AVAILABLE DATA —
=== Begin Enclosure ===

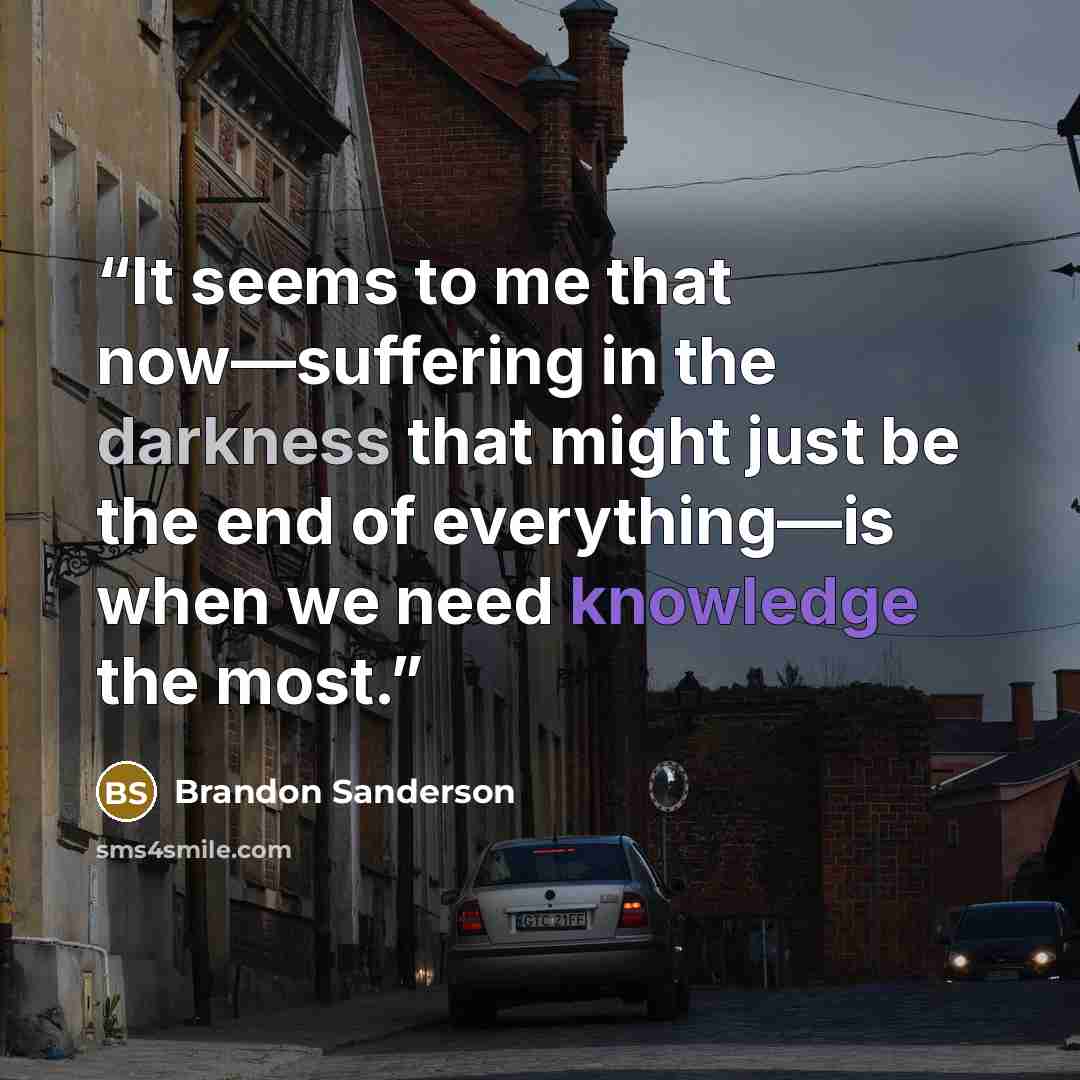 “It seems to me that now—suffering in the darkness that might just be the end of everything—is when we need knowledge the most.” quote by Brandon Sanderson
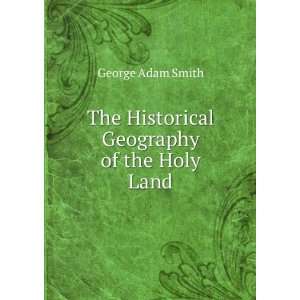    The Historical Geography of the Holy Land George Adam Smith Books
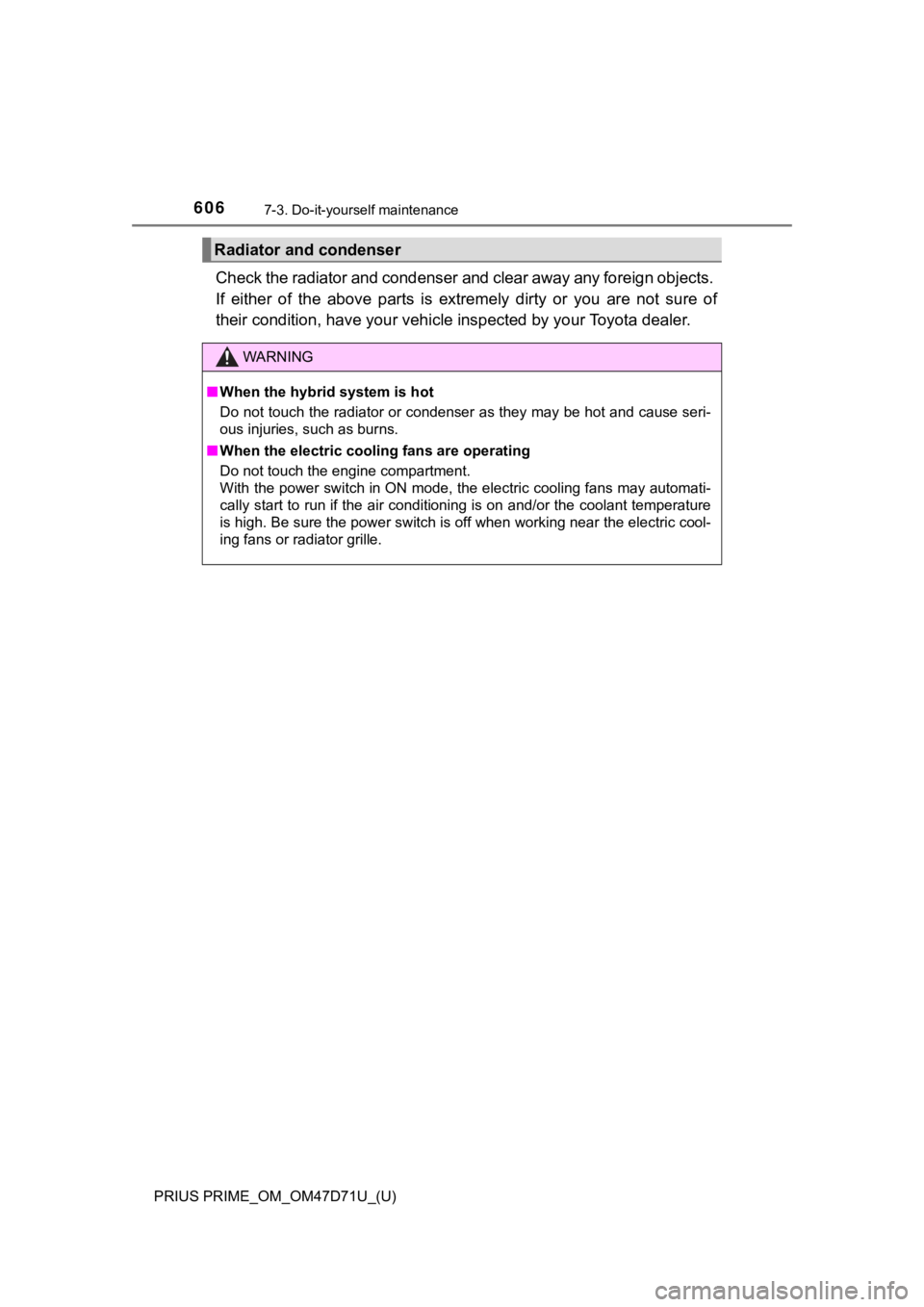 TOYOTA PRIUS PRIME 2021  Owners Manual (in English) 606
PRIUS PRIME_OM_OM47D71U_(U)
7-3. Do-it-yourself maintenance
Check the radiator and condenser and clear away any foreign objects. 
If  either  of  the  above  parts  is  extremely  dirty  or  you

=== End Enclosure ===

TASK DESCRIPTION — From the listing, extract all text exactly as given and drop any picture.

TASK RESULT —
 “It seems to me that now—suffering in the darkness that might just be the end of everything—is when we need knowledge the most.” quote by Brandon Sanderson
    The Historical Geography of the Holy Land George Adam Smith Books
 TOYOTA PRIUS PRIME 2021  Owners Manual (in English) 606
PRIUS PRIME_OM_OM47D71U_(U)
7-3. Do-it-yourself maintenance
Check the radiator and condenser and clear away any foreign objects. 
If  either  of  the  above  parts  is  extremely  dirty  or  you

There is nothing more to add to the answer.